Image 1: Simplified display of the three domains within the energy landscape for construction(Source: Agoria)

How do the three 'energy-construction' domains relate to the climate objectives?

The policy initiatives in these domains aim to contribute to the same goal: to reduce the CO2-emissions in Europe through the increase of energy efficiency (reduction of energy consumption). Another way through which Europe uses energy to reduce CO2-emissions is for example the increase of the share of renewable energy (use of alternative energy resources).

For the European energy efficiency objectives of 2030 the European Commision, Council and Parliament agreed on the 14th of June 2018 to an increase of 32,5%. This is a binding target and includes a possibility for upward adjustment until 2023. In comparison; the European 2020 objectives for energy efficiency were set to 20% relative to the situation of 1990. Concretely this comes down to an energy consumption objective of 1086 ton oil-equivalent. In 2015 the European energy consumption was 1084 ton oil-equivalent. In 2030 the adjusted energy efficiency objectives have to eventually lead to an emission reduction of at least 40%.
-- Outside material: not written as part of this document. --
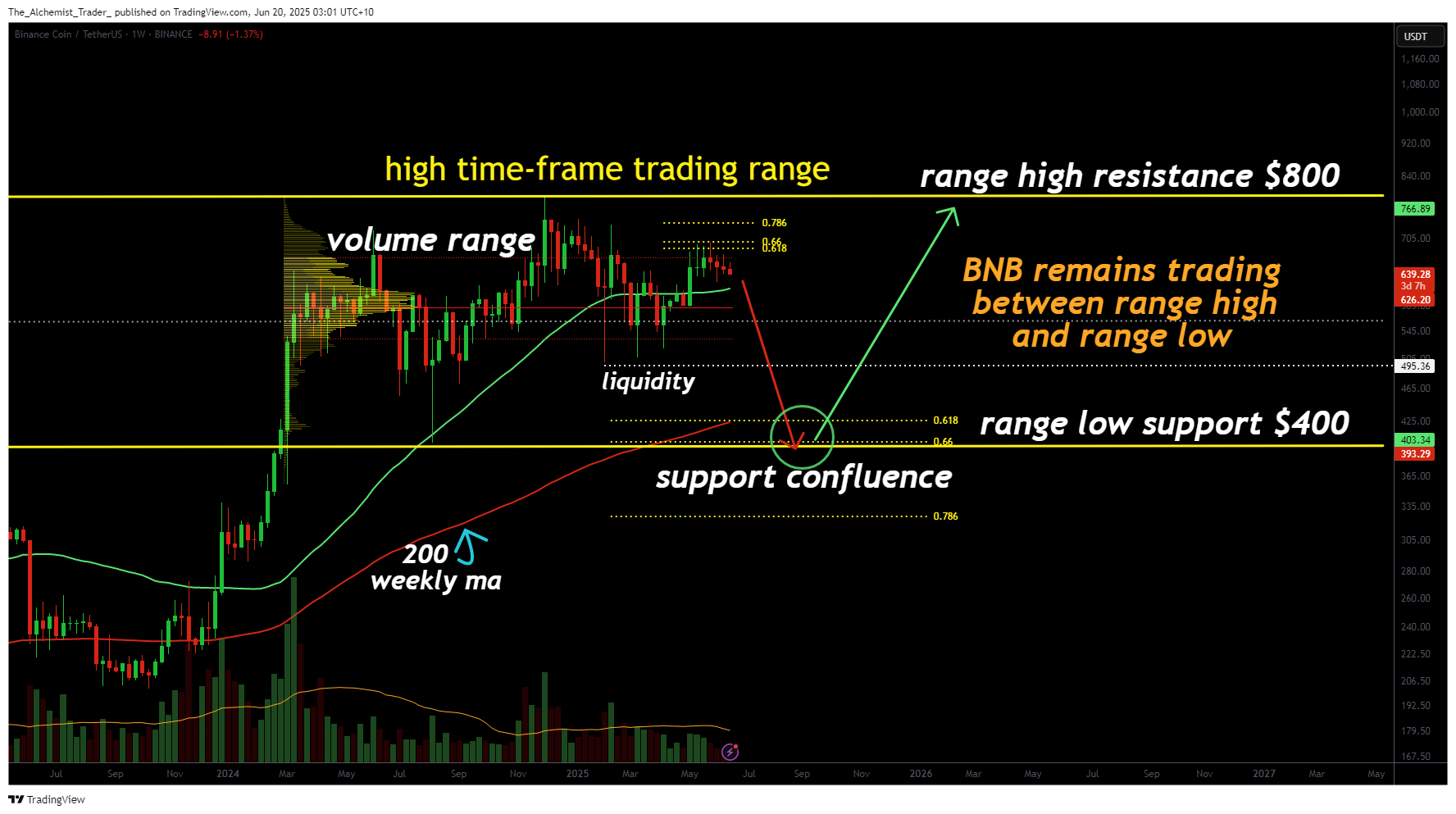 Can BNB break out of the $400–$800 range?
In 2016 the current European Commission proposed a package of existing energy efficiency Directives and Regulations for revision on their effectiveness and adjustments where necessary in order to realise the set objectives; this action was presented under the name 'Clean Energy Package'. The EPBD was the first revised Directive from this package that was approved in 2018. 

More information on the energy efficiency objectives and results can be found here.
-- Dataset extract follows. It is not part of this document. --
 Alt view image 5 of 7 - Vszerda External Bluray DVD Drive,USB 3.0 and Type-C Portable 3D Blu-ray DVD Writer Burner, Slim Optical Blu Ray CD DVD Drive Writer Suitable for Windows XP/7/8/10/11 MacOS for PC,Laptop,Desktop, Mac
Who is responsible for policy implementation within the 'energy-construction' domains?

The responsibility for the execution of the policies lies depending on the Directive or Regulation on the European or Member State level. In the case of the EPBD Europe states through the Directive that Member States have to set a number of minimal requirements to new buildings and major energy renovations, have a policy on energy performance certification for existing buildings and draft a long-term renovation strategy among a number of other requirements.

The Member States are then responsible to take care that their policies are being adjusted to meet these European requirements. In addition they have to report to Europe on the way in which the requirements have been transposed. For the Ecodesign and Energy labelling regulations the implementation is organised differently; the European product regulation is directly applicable on products that are placed on the European market. The responsibility to enforce these product regulations lies with the Member State.
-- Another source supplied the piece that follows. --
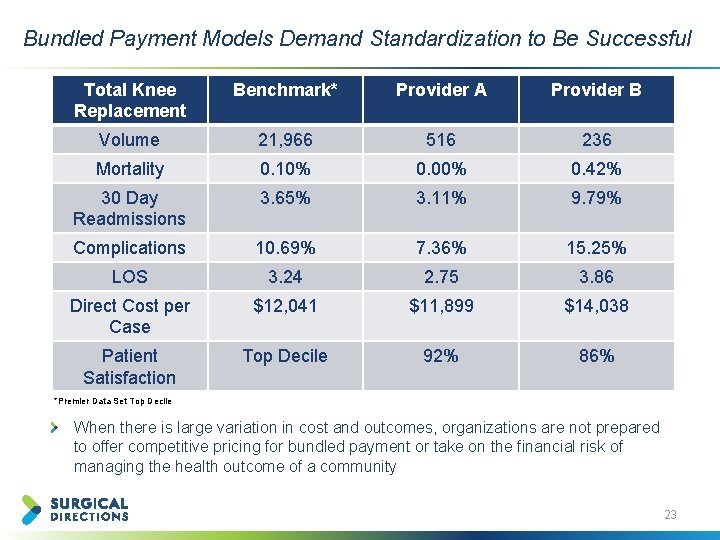 Bundled Payment Models Demand Standardization to Be Successful Total Knee Replacement Benchmark* Provider A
Normalisation on the other hand aims to define 'best practices'. These 'best practices' are developed via cooperation between different stakeholders, such as government and industry. Standards have no regulatory function and their applicability is therefore on a voluntary basis. It has been laid down that standards in the European member states must not deviate from the European established standards. The coordination of the development of standards in the area of EPBD lies on the global level with the International Organization for Standardization (ISO), on European level with the European Standardisation Committee (CEN) and the International Electrotechnical Committee (IEC) and in Belgium with the Bureau for Normalisation (NBN) and the Belgian Electrotechnical Committee (BEC).

What are the differences between the 3 'energy-construction' domains?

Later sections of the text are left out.